Film historians estimate that more than 80%-- 80%-- made of the films during this period are now lost to us, making the task of saying anything fact-like at all about the silent era quite difficult.
The Gatsby version of 1926, sold by Fitzgerald for $45,000 and made by Paramount and Partners, has indeed imploded somewhere. But preservationists recently-- in fact, very recently-- have discovered and restored the trailer for the film, which I'm about to show you.
It's a fascinating piece of film-- one which, also by the way, assumes that you've read the novel, unlike later versions, which you'll see. And I want to hear concentrate just on two things for you to think about as you watch. So first, in an era when the cinema was struggling for legitimation as an entertainment for the middle classes, note the trailer's emphasis on class difference as delineated through mise en scene-- that is through setting, through lighting, through casting, and through costuming.
The first scene that you'll see introduces us to Georgia Hale as Myrtle-- she was Chaplin's co-star in The Gold Rush-- and William Powell, who had a distinguished career as George. And they're later contrasted with The Wild Party glamor that includes, the notes tell us, an incident invented for the film in which everyone dives into Gatsby's pool after he tosses in gold coins.
Without relying on language or even here on inter-titles, this medium is able to communicate volumes of information through relatively conventional images.
Another element-- the second element-- I'd like you to pay attention to is the motif of looking. The eyes of the famous TJ Eckleburg billboard, calling our attention to the self-referential cap capacities of cinema, to the pleasures of spectacle. So can we have the first clip, please.

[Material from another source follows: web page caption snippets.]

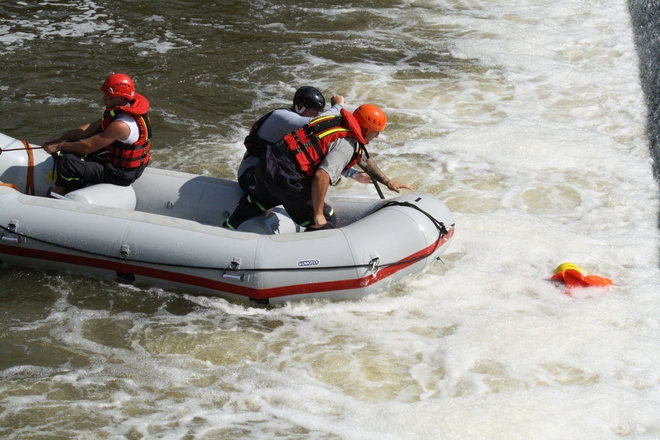 Vodáci bojují proti jezům zabijákům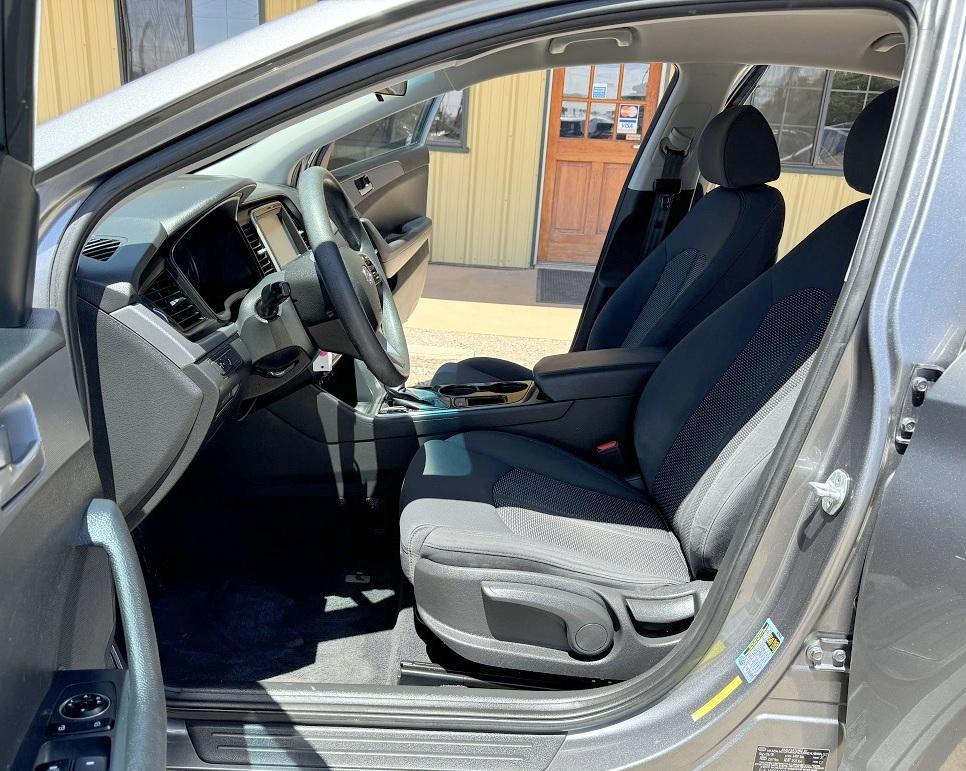 Hyundai Sonata SE 2.4L 2019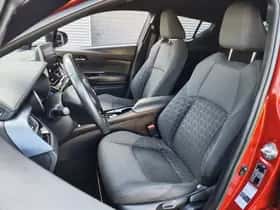 Toyota C-HR (2020) thumbnail 29
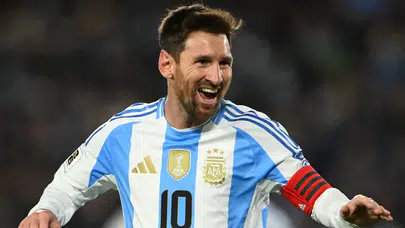 Dünya Kupası tarihinde bir ilk: Messi erişilmez zirveye tek başına oturdu!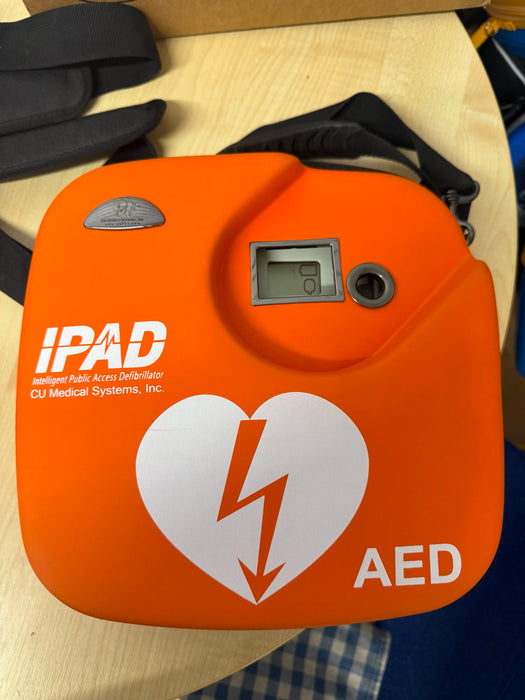 iPAD SP1 AED Semi-Automatic Defibrillator - Refurbished Original Case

PROFESSOR AMY VILLAREJO: I'm going to leave it to you to talk about it. I'm eager to hear your responses. The next adaptation is from 1949, and I'm afraid I can't show it to you since it somehow-- and perhaps fittingly-- circulates only on pirated DVD. I bought it on eBay.
So I'll just mention some of the interesting ways in which it departs from the novel and from this previous adaptation. Drawing upon the conventions of the cycle of films from the 1940s-- some you're familiar with these, known as film noir-- do you know what that is? Film noir? "Dark film?" This Gatsby opens as an unapologetic gangster film, supplying a back story for Jay Gatsby's wealth at which the novel really only hints.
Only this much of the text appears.